We visited a lovely authentic German restaurant which I would highly recommend, Planwirtschaft, which is tucked away in a little courtyard in Äußere Neustadt at Louisenstraße 20. The place itself is very cute and homely with old wooden tables and chairs, low level lighting, candles on all of the tables, glass jars and old fashioned scales on wooden shelves and vintage typewriters and old signs on the walls. It’s the type of place where you feel instantly comfortable, it’s super relaxed and the staff are really friendly to match the atmosphere. We actually went twice, the first time for an evening meal and then for a late brunch on the Sunday. The food was great, like well executed home cooking, both filling and tasty. Both times we sampled some fine local cuisine including a beef goulash with bread dumplings and soljanka, a rich tomato based hearty soup traditionally made with leftovers. Because of the location of the city being only 30 miles from the Czech border, local cuisine has a distinctly Eastern European / Russian leaning, which was perfect for the cold weather.

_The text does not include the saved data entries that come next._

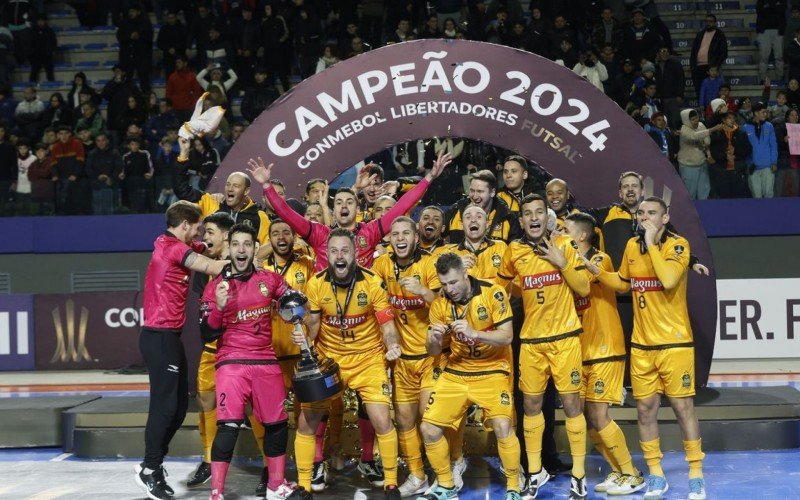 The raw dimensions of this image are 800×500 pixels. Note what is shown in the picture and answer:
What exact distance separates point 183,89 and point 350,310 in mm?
11749

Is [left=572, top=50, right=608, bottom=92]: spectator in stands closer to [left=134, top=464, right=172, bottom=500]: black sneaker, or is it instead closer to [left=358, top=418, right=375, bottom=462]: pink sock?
[left=358, top=418, right=375, bottom=462]: pink sock

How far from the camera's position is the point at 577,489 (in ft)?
30.1

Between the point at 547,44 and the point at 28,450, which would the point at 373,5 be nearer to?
the point at 547,44

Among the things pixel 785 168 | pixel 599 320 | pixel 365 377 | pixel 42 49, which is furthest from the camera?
pixel 42 49

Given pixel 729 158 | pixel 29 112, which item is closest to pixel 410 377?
pixel 729 158

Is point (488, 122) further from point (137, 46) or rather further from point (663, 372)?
point (137, 46)

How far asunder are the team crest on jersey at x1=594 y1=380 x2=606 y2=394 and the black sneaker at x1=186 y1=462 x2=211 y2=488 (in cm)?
351

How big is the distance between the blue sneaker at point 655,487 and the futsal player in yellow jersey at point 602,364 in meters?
0.19

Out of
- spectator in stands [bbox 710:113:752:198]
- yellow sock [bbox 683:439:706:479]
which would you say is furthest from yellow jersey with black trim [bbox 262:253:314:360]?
spectator in stands [bbox 710:113:752:198]

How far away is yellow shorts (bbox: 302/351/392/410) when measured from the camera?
9.23 metres

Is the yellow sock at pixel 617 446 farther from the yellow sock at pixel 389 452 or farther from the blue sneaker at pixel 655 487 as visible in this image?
the yellow sock at pixel 389 452

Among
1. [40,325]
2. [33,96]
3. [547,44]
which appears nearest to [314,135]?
[40,325]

Our other meals were good too and we thought eating (and drinking) out was generally cheaper than it is in the UK. Supermarkets seemed super cheap for grabbing bits to snack on during the day. We stopped at lots of different bars and cafes while we meandered through the city and sampled some fine beer and great coffee. To be honest our weekend there couldn’t have been more of a success, and we definitely plan to visit again.